Logs can contain full local file paths, folder names, filenames, selected metadata values, errors, and effective commands. Before sharing logs in an issue, discussion, forum post, or pull request, review and redact any private information.

When using copy or move operations, keep an independent backup of important media until you have verified the output.

## Requirements

Most scripts support Windows, Linux, and macOS when the required external tools are installed.
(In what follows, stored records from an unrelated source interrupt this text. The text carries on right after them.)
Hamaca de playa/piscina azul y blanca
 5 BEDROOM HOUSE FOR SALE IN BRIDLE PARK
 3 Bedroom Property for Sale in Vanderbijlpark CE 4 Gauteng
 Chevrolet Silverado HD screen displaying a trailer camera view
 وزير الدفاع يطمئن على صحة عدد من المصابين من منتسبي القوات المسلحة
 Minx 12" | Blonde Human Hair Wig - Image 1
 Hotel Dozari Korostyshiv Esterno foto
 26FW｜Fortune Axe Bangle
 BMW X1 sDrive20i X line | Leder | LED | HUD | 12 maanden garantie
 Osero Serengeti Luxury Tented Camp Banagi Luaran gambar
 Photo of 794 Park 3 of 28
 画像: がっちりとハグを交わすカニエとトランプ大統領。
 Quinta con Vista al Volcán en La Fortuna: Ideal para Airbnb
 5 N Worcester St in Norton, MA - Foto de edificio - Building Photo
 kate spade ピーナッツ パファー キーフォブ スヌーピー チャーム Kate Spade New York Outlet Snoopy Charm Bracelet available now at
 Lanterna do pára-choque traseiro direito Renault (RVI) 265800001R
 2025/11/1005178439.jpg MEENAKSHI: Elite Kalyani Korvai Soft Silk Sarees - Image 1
`dateframe import-icloud` is the exception: it is Windows-only because it depends on Windows Shell metadata and `pywin32`.

### 1. Install Python

Install Python 3.10 or newer from:

- <https://www.python.org/downloads/windows/>

During installation, enable `Add Python to PATH`.

Verify:

```powershell
python --version
pip --version
```

### 2. Install ffmpeg

You need the `ffmpeg` and `ffprobe` executables, because the scripts use `ffmpeg-python` to read video metadata.

You can get it from:

- <https://ffmpeg.org/download.html>

Make sure both `ffmpeg` and `ffprobe` are available in `PATH`.

Verify:

```powershell
ffmpeg -version
ffprobe -version
```

### 3. Install ImageMagick

`Wand` requires ImageMagick to be installed on Windows.

You can download it from:

- <https://imagemagick.org/script/download.php#windows>

During installation, enable the command-line integration needed by `Wand`.

### 4. Install ExifTool

`dateframe write-dates` and `dateframe import-icloud` use `ExifTool` to write metadata. `dateframe rename` uses it to confirm Apple Live Photo pairs through their embedded identifiers.

You can download it from:

- <https://exiftool.org/>

Make sure the executable is available in `PATH`, or pass its full path with `--exiftool`.

Verify:

```powershell
exiftool -ver
```

### 5. Install DateFrame

From a cloned project folder:

```powershell
pip install .
```

After a PyPI release is available, install the published package with:

```powershell
pip install dateframe
```

Notes:

- If you only use `dateframe import-icloud`, you need Python, `pywin32`, and `ExifTool`. `ffmpeg` and ImageMagick are used by the other commands.
- `pywin32` is required for `dateframe import-icloud` and is only available on Windows
- `Wand` requires ImageMagick to already be installed
- `ffmpeg-python` is only a wrapper and does not replace the `ffmpeg` binaries

## Clone and install

Clone this repository, then install DateFrame:

```powershell
git clone https://github.com/fyulita/dateframe.git
cd dateframe
pip install .
```

If you are not using `git`, copying the project folder and running `pip install .` inside it is enough.

## Contributing

Bug reports and pull requests are welcome. See [CONTRIBUTING.md](CONTRIBUTING.md) for development setup, validation guidance, and what information is most useful in a report.

## License

This project is licensed under the GNU General Public License v3.0. See [LICENSE.md](LICENSE.md).